What to do:
Both the line below containing "Reloj Swatch Mujer" and the line containing "Title details for", along with every line between them, should be repeated exactly; no other line belongs in the answer.

Input data:
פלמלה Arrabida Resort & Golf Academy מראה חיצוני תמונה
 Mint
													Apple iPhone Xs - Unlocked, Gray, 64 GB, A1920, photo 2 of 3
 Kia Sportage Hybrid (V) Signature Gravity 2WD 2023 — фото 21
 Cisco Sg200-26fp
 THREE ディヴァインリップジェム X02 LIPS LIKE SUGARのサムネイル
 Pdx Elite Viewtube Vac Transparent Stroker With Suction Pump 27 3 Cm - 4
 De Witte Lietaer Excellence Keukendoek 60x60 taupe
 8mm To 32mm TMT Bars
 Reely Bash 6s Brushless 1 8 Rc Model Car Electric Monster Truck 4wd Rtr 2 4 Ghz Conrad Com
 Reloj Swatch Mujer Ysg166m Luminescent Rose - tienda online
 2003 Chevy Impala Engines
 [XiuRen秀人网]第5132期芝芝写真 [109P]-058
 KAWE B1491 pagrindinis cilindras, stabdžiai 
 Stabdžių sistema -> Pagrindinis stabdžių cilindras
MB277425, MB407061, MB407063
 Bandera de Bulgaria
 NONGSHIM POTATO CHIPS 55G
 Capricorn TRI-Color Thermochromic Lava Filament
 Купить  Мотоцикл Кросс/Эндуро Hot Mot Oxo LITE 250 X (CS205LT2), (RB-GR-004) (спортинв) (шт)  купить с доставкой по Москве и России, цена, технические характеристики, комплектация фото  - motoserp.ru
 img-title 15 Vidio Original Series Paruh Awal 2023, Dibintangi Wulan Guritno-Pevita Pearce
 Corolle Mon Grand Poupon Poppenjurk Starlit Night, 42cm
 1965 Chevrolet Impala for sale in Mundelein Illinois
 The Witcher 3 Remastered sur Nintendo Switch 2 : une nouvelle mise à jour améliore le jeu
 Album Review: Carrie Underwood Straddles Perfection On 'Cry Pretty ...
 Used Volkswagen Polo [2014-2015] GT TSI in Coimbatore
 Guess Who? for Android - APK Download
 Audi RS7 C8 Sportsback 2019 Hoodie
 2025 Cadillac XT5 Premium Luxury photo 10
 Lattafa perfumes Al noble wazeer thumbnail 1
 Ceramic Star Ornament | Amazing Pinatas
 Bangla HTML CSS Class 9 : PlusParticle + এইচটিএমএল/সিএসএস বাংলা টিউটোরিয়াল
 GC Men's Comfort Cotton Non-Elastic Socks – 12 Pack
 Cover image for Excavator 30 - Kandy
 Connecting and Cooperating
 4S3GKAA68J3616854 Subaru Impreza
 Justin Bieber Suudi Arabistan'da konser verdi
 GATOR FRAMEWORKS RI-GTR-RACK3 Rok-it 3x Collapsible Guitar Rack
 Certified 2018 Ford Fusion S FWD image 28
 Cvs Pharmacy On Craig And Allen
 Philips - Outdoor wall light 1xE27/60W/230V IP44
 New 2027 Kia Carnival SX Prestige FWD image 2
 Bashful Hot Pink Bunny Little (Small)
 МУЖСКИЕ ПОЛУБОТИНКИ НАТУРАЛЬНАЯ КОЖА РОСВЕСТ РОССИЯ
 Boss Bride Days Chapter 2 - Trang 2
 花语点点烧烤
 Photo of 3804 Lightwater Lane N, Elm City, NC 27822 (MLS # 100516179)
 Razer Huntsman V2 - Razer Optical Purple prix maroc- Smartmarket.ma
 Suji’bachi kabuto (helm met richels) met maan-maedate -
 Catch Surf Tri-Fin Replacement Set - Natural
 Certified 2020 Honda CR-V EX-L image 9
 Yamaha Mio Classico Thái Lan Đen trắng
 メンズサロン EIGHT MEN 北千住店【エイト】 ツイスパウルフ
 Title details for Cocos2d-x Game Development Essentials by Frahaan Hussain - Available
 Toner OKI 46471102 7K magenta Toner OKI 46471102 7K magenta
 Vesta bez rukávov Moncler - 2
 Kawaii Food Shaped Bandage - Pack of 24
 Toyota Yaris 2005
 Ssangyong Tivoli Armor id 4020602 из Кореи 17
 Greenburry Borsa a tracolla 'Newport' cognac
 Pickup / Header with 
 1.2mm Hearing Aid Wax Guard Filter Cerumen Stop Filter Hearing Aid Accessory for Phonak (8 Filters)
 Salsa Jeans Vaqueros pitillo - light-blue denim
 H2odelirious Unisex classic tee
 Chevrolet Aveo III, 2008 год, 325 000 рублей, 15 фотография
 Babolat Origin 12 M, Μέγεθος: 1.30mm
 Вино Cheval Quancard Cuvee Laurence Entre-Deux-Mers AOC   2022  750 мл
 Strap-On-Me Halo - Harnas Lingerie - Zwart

Task result:
 Reloj Swatch Mujer Ysg166m Luminescent Rose - tienda online
 2003 Chevy Impala Engines
 [XiuRen秀人网]第5132期芝芝写真 [109P]-058
 KAWE B1491 pagrindinis cilindras, stabdžiai 
 Stabdžių sistema -> Pagrindinis stabdžių cilindras
MB277425, MB407061, MB407063
 Bandera de Bulgaria
 NONGSHIM POTATO CHIPS 55G
 Capricorn TRI-Color Thermochromic Lava Filament
 Купить  Мотоцикл Кросс/Эндуро Hot Mot Oxo LITE 250 X (CS205LT2), (RB-GR-004) (спортинв) (шт)  купить с доставкой по Москве и России, цена, технические характеристики, комплектация фото  - motoserp.ru
 img-title 15 Vidio Original Series Paruh Awal 2023, Dibintangi Wulan Guritno-Pevita Pearce
 Corolle Mon Grand Poupon Poppenjurk Starlit Night, 42cm
 1965 Chevrolet Impala for sale in Mundelein Illinois
 The Witcher 3 Remastered sur Nintendo Switch 2 : une nouvelle mise à jour améliore le jeu
 Album Review: Carrie Underwood Straddles Perfection On 'Cry Pretty ...
 Used Volkswagen Polo [2014-2015] GT TSI in Coimbatore
 Guess Who? for Android - APK Download
 Audi RS7 C8 Sportsback 2019 Hoodie
 2025 Cadillac XT5 Premium Luxury photo 10
 Lattafa perfumes Al noble wazeer thumbnail 1
 Ceramic Star Ornament | Amazing Pinatas
 Bangla HTML CSS Class 9 : PlusParticle + এইচটিএমএল/সিএসএস বাংলা টিউটোরিয়াল
 GC Men's Comfort Cotton Non-Elastic Socks – 12 Pack
 Cover image for Excavator 30 - Kandy
 Connecting and Cooperating
 4S3GKAA68J3616854 Subaru Impreza
 Justin Bieber Suudi Arabistan'da konser verdi
 GATOR FRAMEWORKS RI-GTR-RACK3 Rok-it 3x Collapsible Guitar Rack
 Certified 2018 Ford Fusion S FWD image 28
 Cvs Pharmacy On Craig And Allen
 Philips - Outdoor wall light 1xE27/60W/230V IP44
 New 2027 Kia Carnival SX Prestige FWD image 2
 Bashful Hot Pink Bunny Little (Small)
 МУЖСКИЕ ПОЛУБОТИНКИ НАТУРАЛЬНАЯ КОЖА РОСВЕСТ РОССИЯ
 Boss Bride Days Chapter 2 - Trang 2
 花语点点烧烤
 Photo of 3804 Lightwater Lane N, Elm City, NC 27822 (MLS # 100516179)
 Razer Huntsman V2 - Razer Optical Purple prix maroc- Smartmarket.ma
 Suji’bachi kabuto (helm met richels) met maan-maedate -
 Catch Surf Tri-Fin Replacement Set - Natural
 Certified 2020 Honda CR-V EX-L image 9
 Yamaha Mio Classico Thái Lan Đen trắng
 メンズサロン EIGHT MEN 北千住店【エイト】 ツイスパウルフ
 Title details for Cocos2d-x Game Development Essentials by Frahaan Hussain - Available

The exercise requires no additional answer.